→ Your goal
Give the entries back exactly as they stand, but without pictures.

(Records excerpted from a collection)
*-*-*
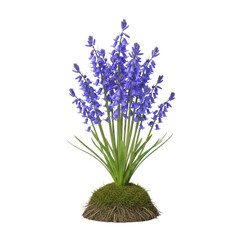 Obraz premium Bluebell flowers with green leaves on a mossy mound isolated on transparent background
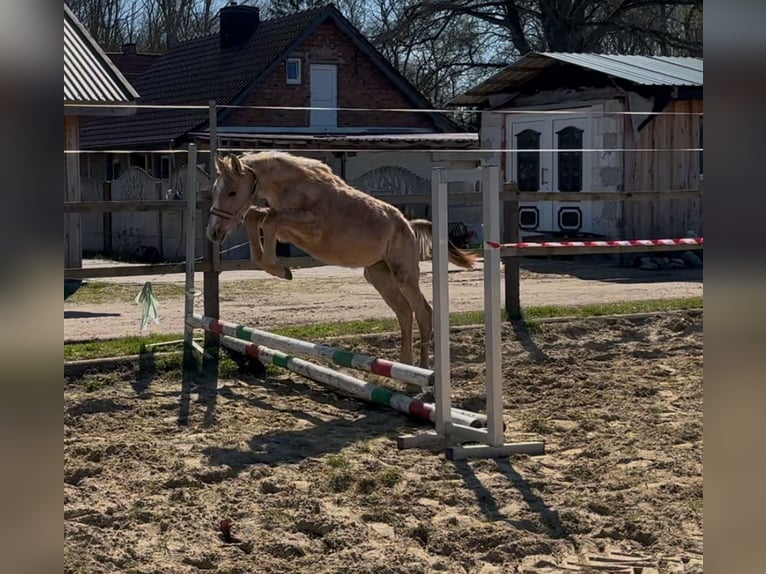 Cheval de sport allemand Étalon 1 Année Peut devenir gris in Mollnitz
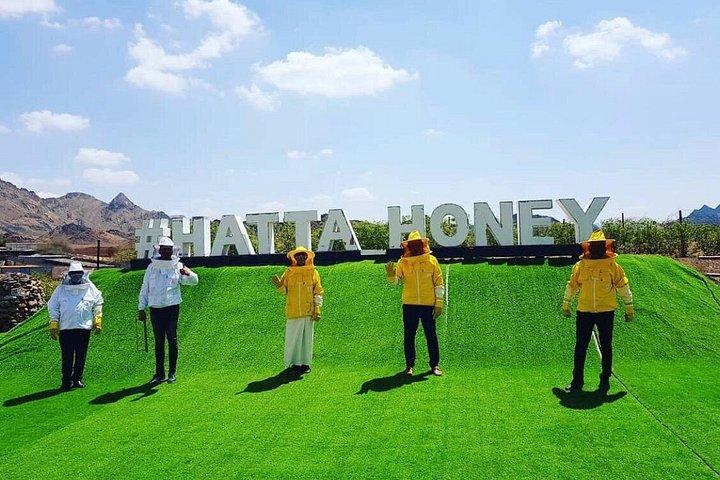 ピック＆ドロップを含むエキサイティングなアクティビティと八田山ツアー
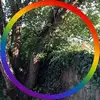 James Pocock - @jamespocock1 - TikTok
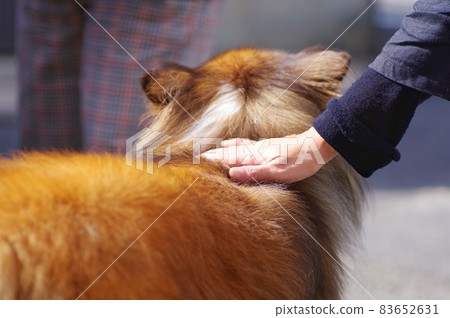 Shetland Sheepdog Shetland Sheepdog 83652631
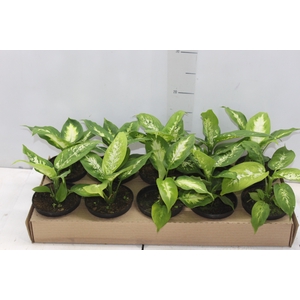 DIEFFENBACHIA VARIADO P11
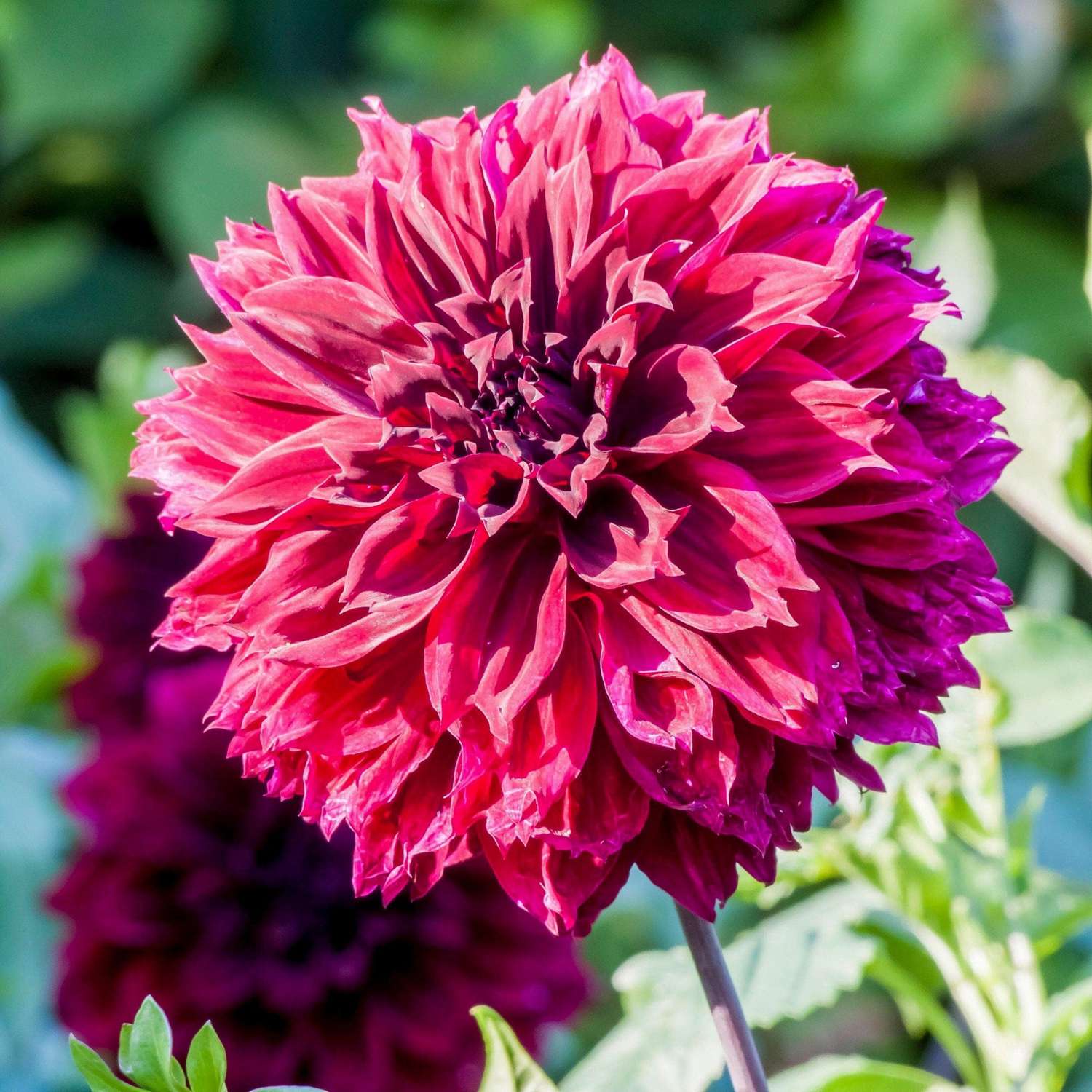 Dahlie ‘Dark Fubuki’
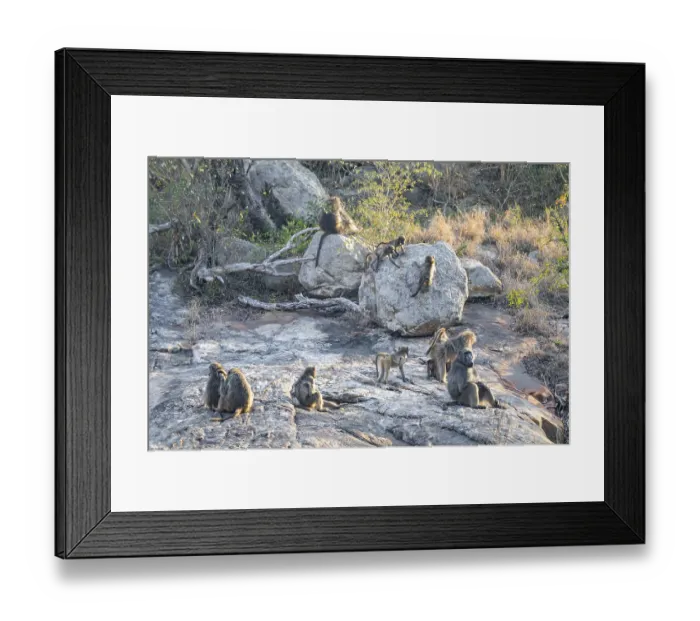 Framed Print : Bear baboons (Papio ursinus), group on stones on the riverbank
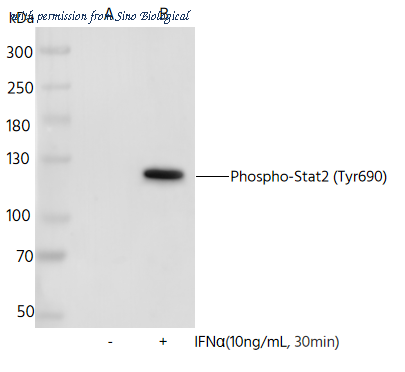 Sino Biological 111963-R0001 image 1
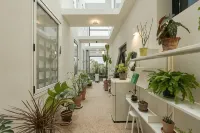 Jeju Rapauza Stay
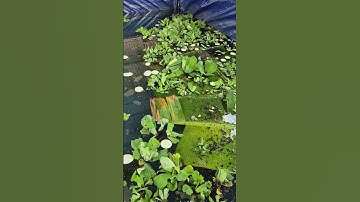 Nuôi ốc bươu đen bằng nước giếng khoan Ở Phú Mỹ Vũng Tàu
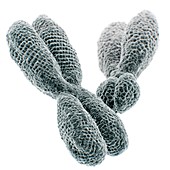 XY chromosomes, illustration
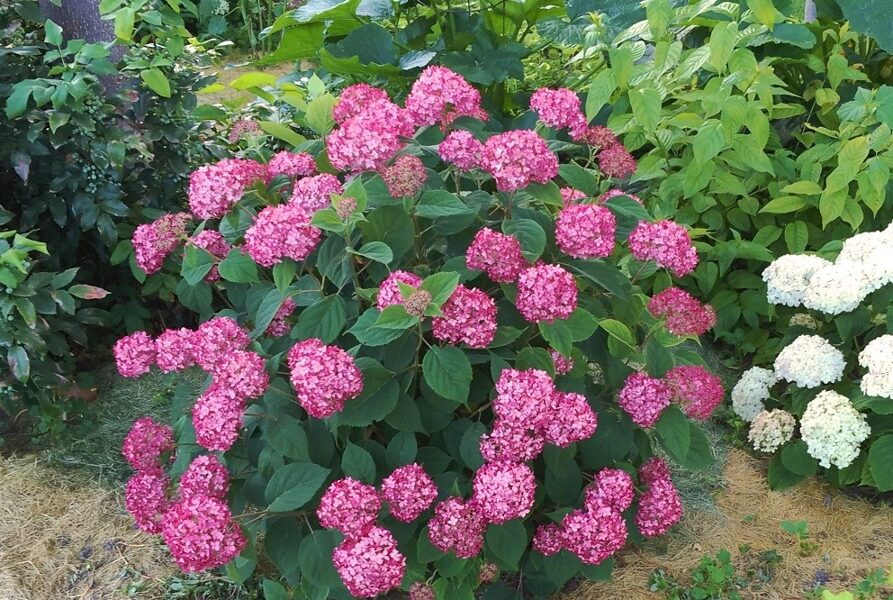 Kokveida hortenzija “Pink Annabelle” (Hydrangea arborescens)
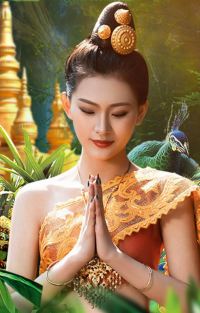 匠心云南丨昆明大理丽江双飞一动/三动纯玩6日游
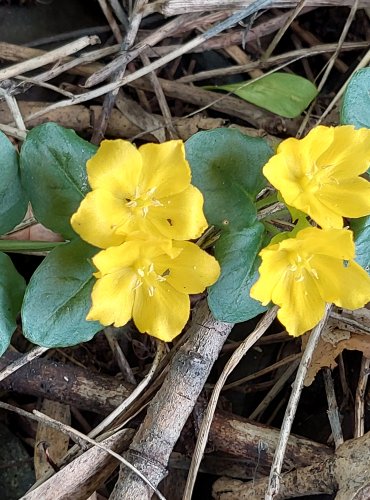 VRBINA PENÍZKOVÁ (Lysimachia nummularia) FOTO: Marta Knauerová, 2022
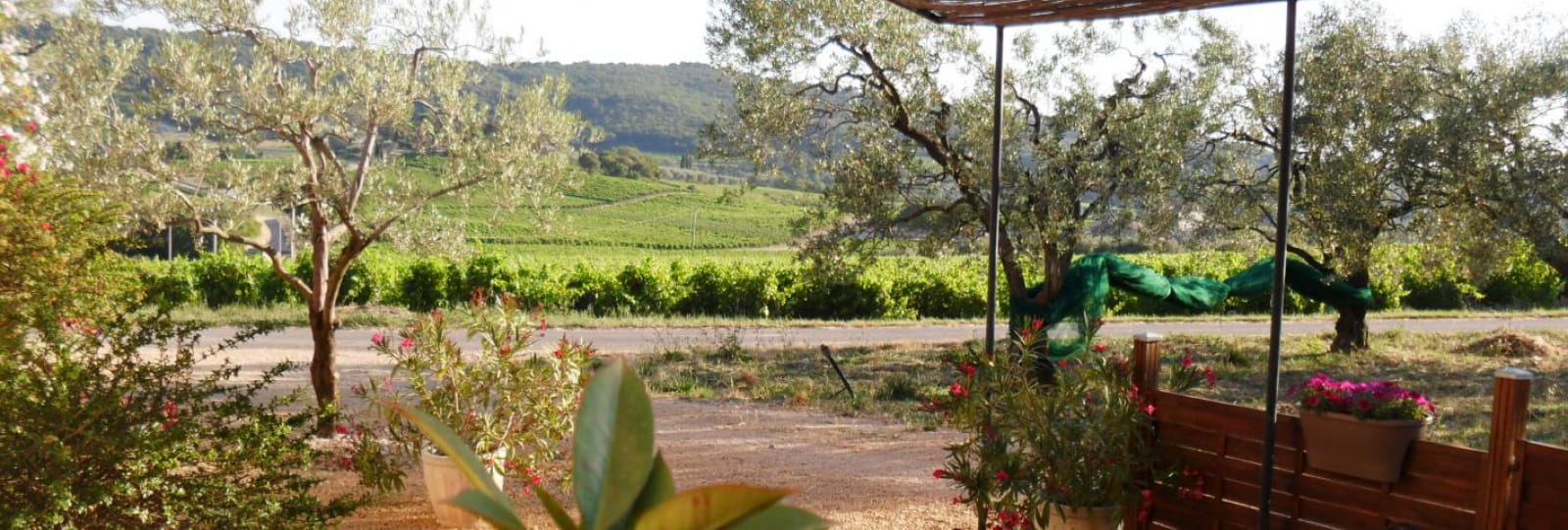 TERRASSE ET ENTREE DU GITE AU MILIEU DES OLIVIERS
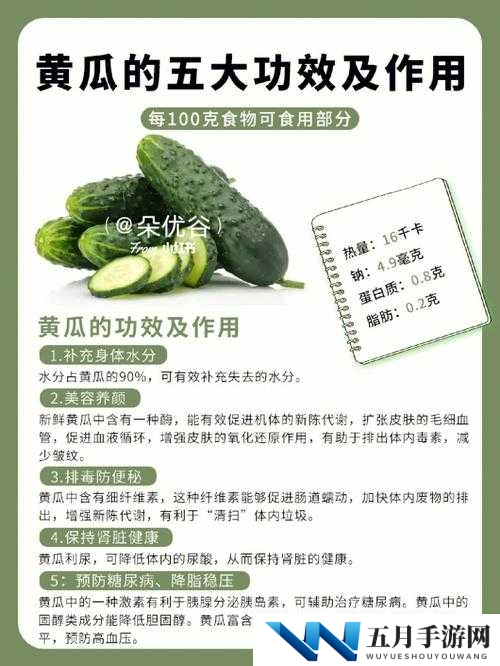 探索🈲️18水蜜桃🍑与大黄瓜🥒的完美搭配：健康饮食新选择与创意食谱分享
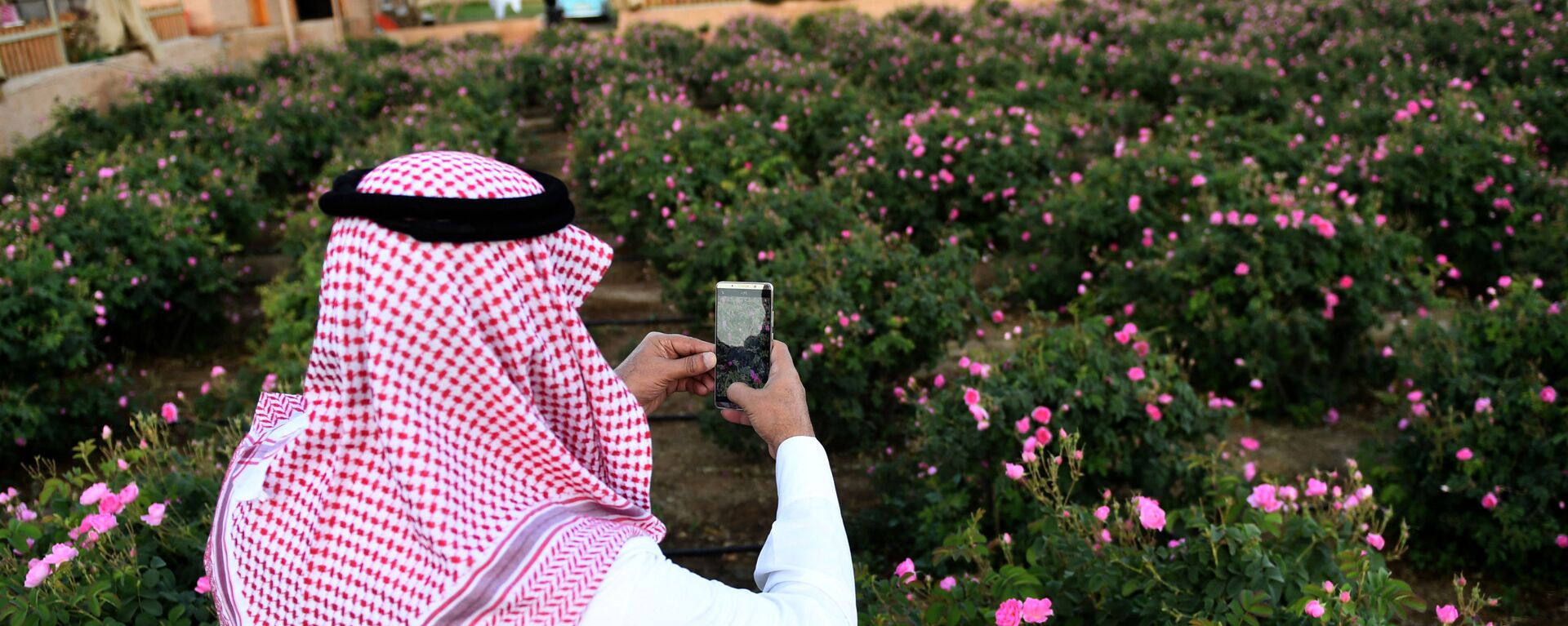 رجل سعودي يلتقط صورة للورود في مزرعة بن سلمان في مدينة الطائف غرب السعودية 13 مارس2021 - سبوتنيك عربي, 1920, 20.04.2021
*-*-*
→ Solved problem
 Obraz premium Bluebell flowers with green leaves on a mossy mound isolated on transparent background
 Cheval de sport allemand Étalon 1 Année Peut devenir gris in Mollnitz
 ピック＆ドロップを含むエキサイティングなアクティビティと八田山ツアー
 James Pocock - @jamespocock1 - TikTok
 Shetland Sheepdog Shetland Sheepdog 83652631
 DIEFFENBACHIA VARIADO P11
 Dahlie ‘Dark Fubuki’
 Framed Print : Bear baboons (Papio ursinus), group on stones on the riverbank
 Sino Biological 111963-R0001 image 1
 Jeju Rapauza Stay
 Nuôi ốc bươu đen bằng nước giếng khoan Ở Phú Mỹ Vũng Tàu
 XY chromosomes, illustration
 Kokveida hortenzija “Pink Annabelle” (Hydrangea arborescens)
 匠心云南丨昆明大理丽江双飞一动/三动纯玩6日游
 VRBINA PENÍZKOVÁ (Lysimachia nummularia) FOTO: Marta Knauerová, 2022
 TERRASSE ET ENTREE DU GITE AU MILIEU DES OLIVIERS
 探索🈲️18水蜜桃🍑与大黄瓜🥒的完美搭配：健康饮食新选择与创意食谱分享
 رجل سعودي يلتقط صورة للورود في مزرعة بن سلمان في مدينة الطائف غرب السعودية 13 مارس2021 - سبوتنيك عربي, 1920, 20.04.2021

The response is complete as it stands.